Holding its world premiere this Wednesday is Robinson Devor's Suburban Fury, about Sara Jane Moore, the woman who in 1975, "took a revolver out of her purse and fired two shots at President Gerald Ford on a crowded sidewalk in San Francisco's Union Square," as the festival program notes.

Lim says that documentary was chosen for the NYFF slate before the recent assassination attempts against former Pres. Trump. He expresses no hesitation to program a film about a would-be presidential assassin (the recently released Hinckley: I Shot the President, directed by Neil McGregor, focuses on John Hinckley, who almost succeeded in assassinating Pres. Reagan in 1981).

"We saw this film quite a few months ago," Lim says of Suburban Fury. "Even then, it struck a chord. I think it's perfectly valid for documentarians to make films about difficult, controversial, unsympathetic subjects. It's not necessarily giving a platform to them. I think it's a way of actually engaging with their actions, which are part of history and their complexity as human beings."

While Suburban Fury takes place in San Francisco, one of the documentaries in the NYFF lineup is set much closer to home base: Union , directed by Brett Story and Stephen Maing. The film, winner of a Special Grand Jury Award for Art of Change at the Sundance Film Festival, examines the first successful effort to unionize an Amazon sorting facility in the U.S., located on New York's Staten Island.

"Even though it premiered many months ago at Sundance, it was one of the first films we invited because we felt like we wanted to be part of this film's New York launch. It is an important New York story," Lim observes. "What Brett and Stephen have done is really capture the events that led to what is, I think, a pretty remarkable moment in the history of American labor... I think it's one of the key documentaries of the year."

The New York Film Festival does not segregate nonfiction films from other work.

"We don't have a documentary section. We haven't had one for several years," Lim says. "I think that really speaks to our belief that documentary isn't necessarily a separate category of film. I'd like to put it in conversation with fiction films. And, also, a lot of films these days sort of live on the border of fiction and documentaries. We have documentaries across the program in the main slate, also in the Currents section. And, also, our shorts are a mix of fiction, experimental, and documentary."

Among the films at NYFF that tread the border of fiction and nonfiction are Little, Big, and Far , directed by Jem Cohen, and Jimmy, directed by Yashaddai Owens.
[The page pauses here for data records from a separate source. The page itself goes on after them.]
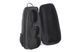 Рюкзак-футляр для скрипки GEWA Space Bag Titanium 4/4 - 3/4 G-300831 фото 10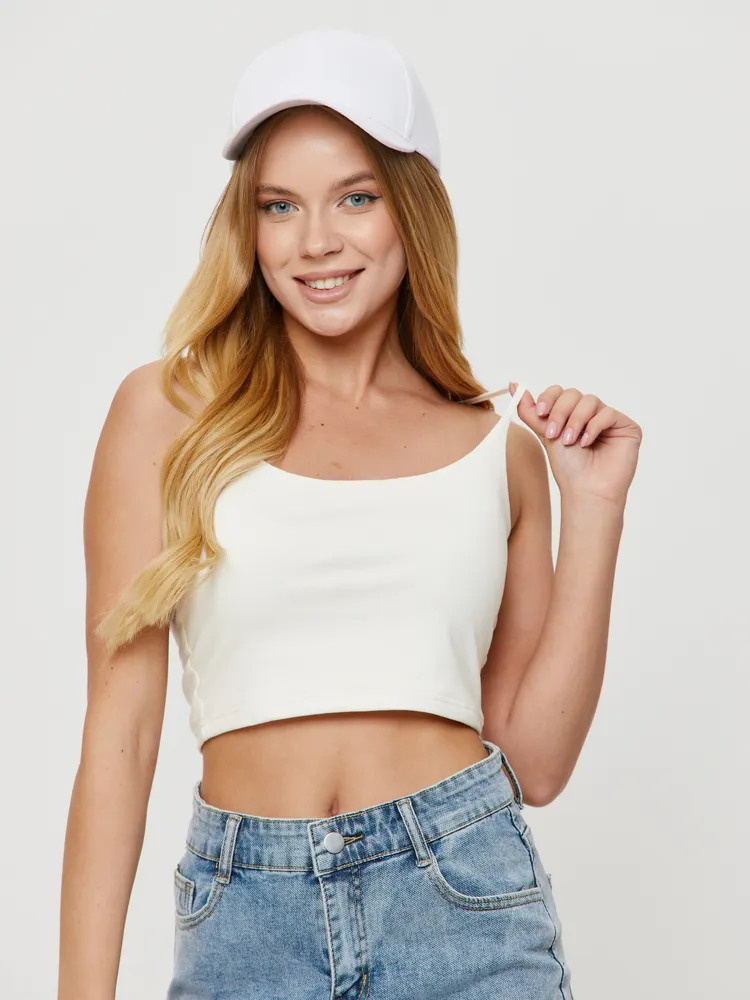 Альбом 3. Москва, видеосъёмка, фотосъёмка, свадебный клип, фильм 4К media production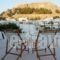 Villa Aphrodite_best deals_Villa_Dodekanessos Islands_Rhodes_Lindos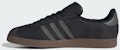 adidas Gazelle GTX 'Hitam Teras' JR2727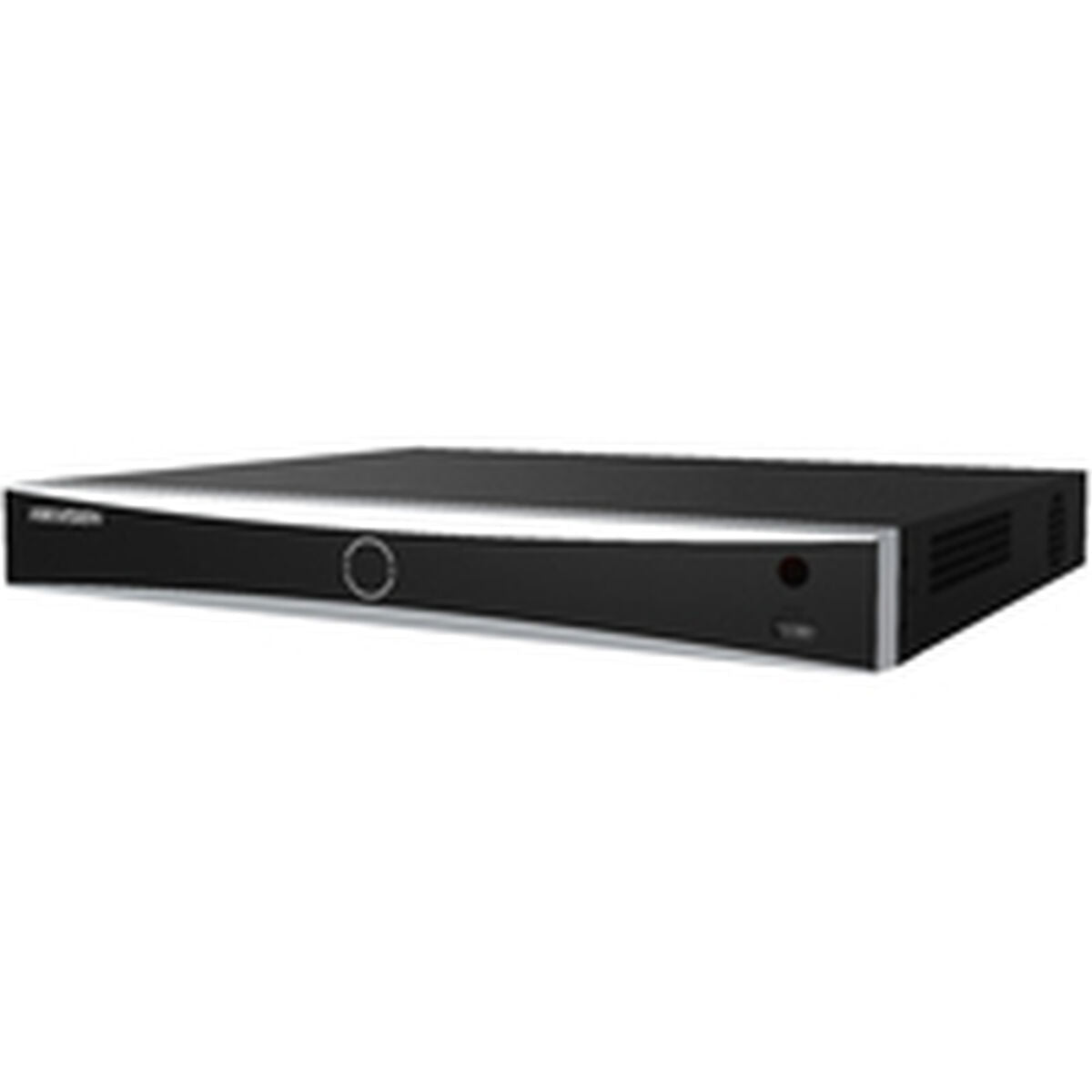 Hikvision DS-7632NXI-K2(D) NVR 4K AcuSense K Series 32 canaux 1U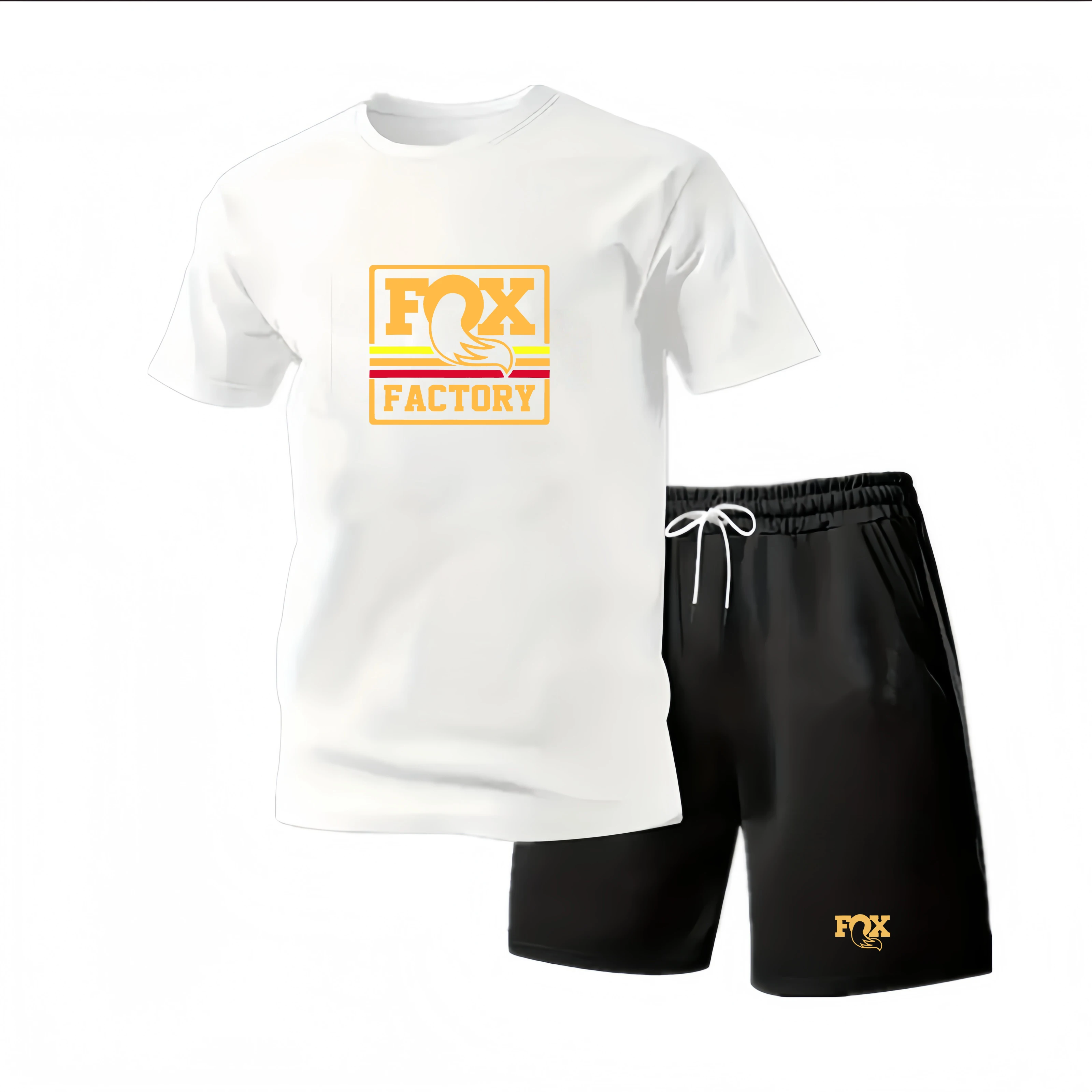 ชุดเซ็ตฤดูร้อนปี 2026 สำหรับผู - Men'S Fashion Outfits 2026 บทวิจารณ์และราคา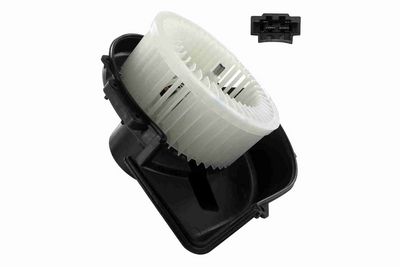 Вентилятор салона VEMO V15-03-1930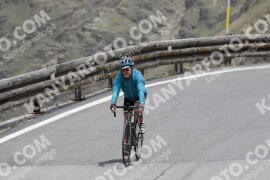 Foto #3186214 | 21-06-2023 13:05 | Passo Dello Stelvio - die Spitze BICYCLES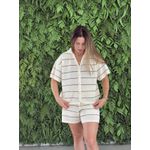 Conjunto Thais - Off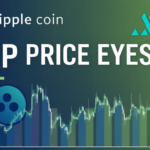 XRP Price Eyes $3 as $5.8M Whale Long Bet Follows Bullish Chart Pattern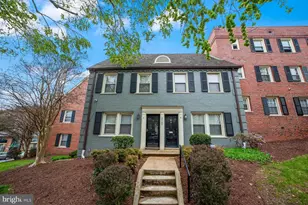 2145 Suitland Terrace SE, Washington, DC 20020 - Photo 2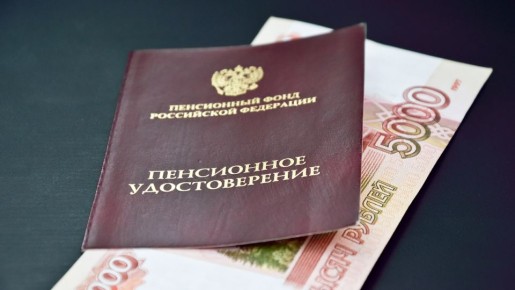 ��� ������� ���� ����� ������ �� ������: ��������� ���������� �� �������� ���������� ����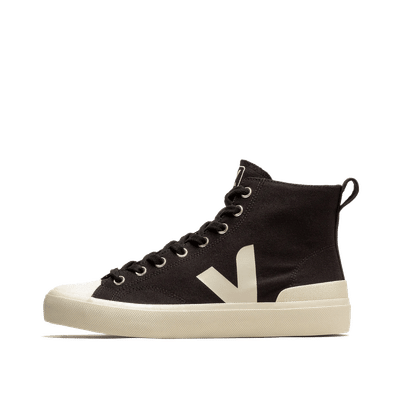 Veja WATA II "Black/Pierre" | PA0101397B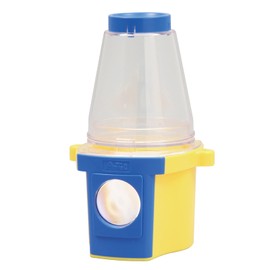 アーテック まるみえダブル観察器 008246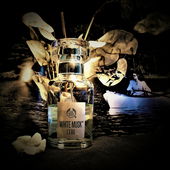 Les Fleurs du Lake Noir (von Floyd)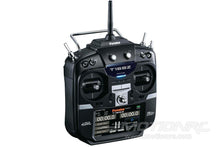 Load image into Gallery viewer, Futaba 16SZ 16-Channel Transmitter with R7008SB Receiver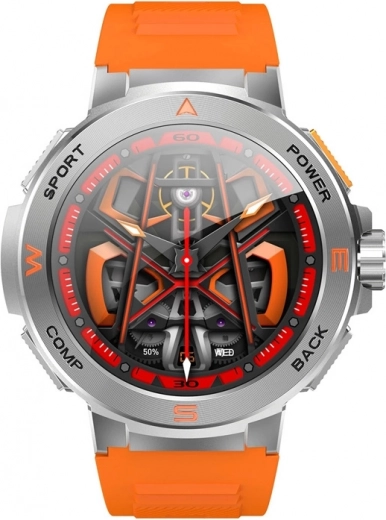 Bluetooth pozivi i pametne obavijesti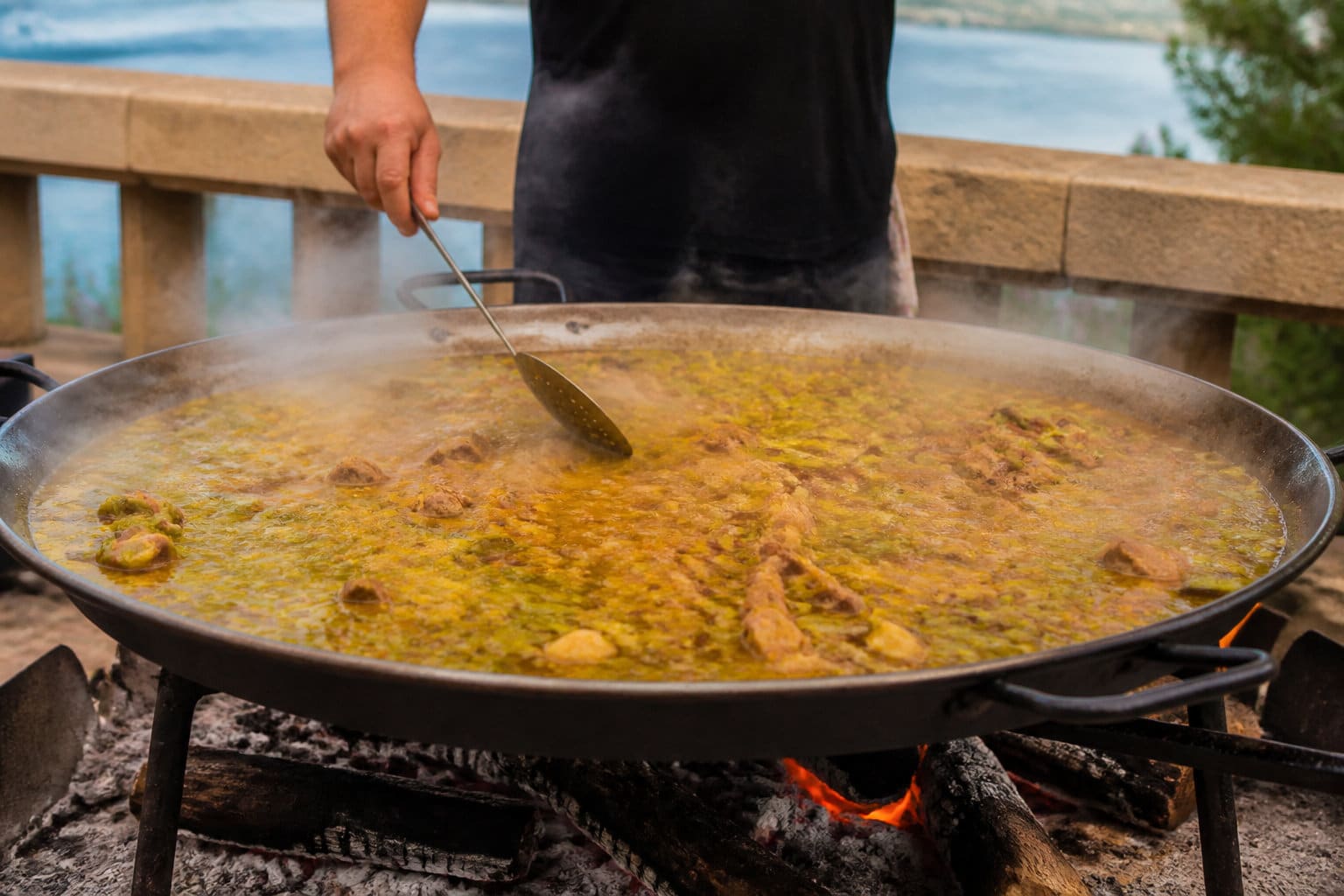 4 secrets pour savourer la véritable gastronomie valencienne 🥘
The latter film looks at a seminal period in the life of James Baldwin, the extraordinary essayist, novelist and playwright who was born 100 years ago this year.

"That filmmaker, Yashaddai Owens, is a discovery for me, and I think for my colleagues," Lim comments. "His work was certainly new to me. I know that he is a photographer, and this is a film that uses Baldwin's biography as a jumping off point. I don't know how easily classified it is as either fiction or documentary. It's a film that imagines the life of a young James Baldwin as he has just arrived in Paris, where famously he spent some time."

These are tough times for many film festivals in North America ( Hot Docs , among others, comes to mind), but the New York Film Festival, a program of Film at Lincoln Center, appears to be thriving.

"It's in a really healthy place in New York," Lim says. "I've lived in New York a long time, and I see people turning out for festivals, turning out for releases of big and small movies, turning out for retrospectives. Certainly, post pandemic, I think there's an appetite... We have had record attendance two years running now. The numbers aren't in or final yet, but we're doing at least as well as last year's sales so far."

He adds, "If the metric is attendance, then I think we're doing well and we're really happy. We're excited about how engaged the audiences are with the work that we're showing."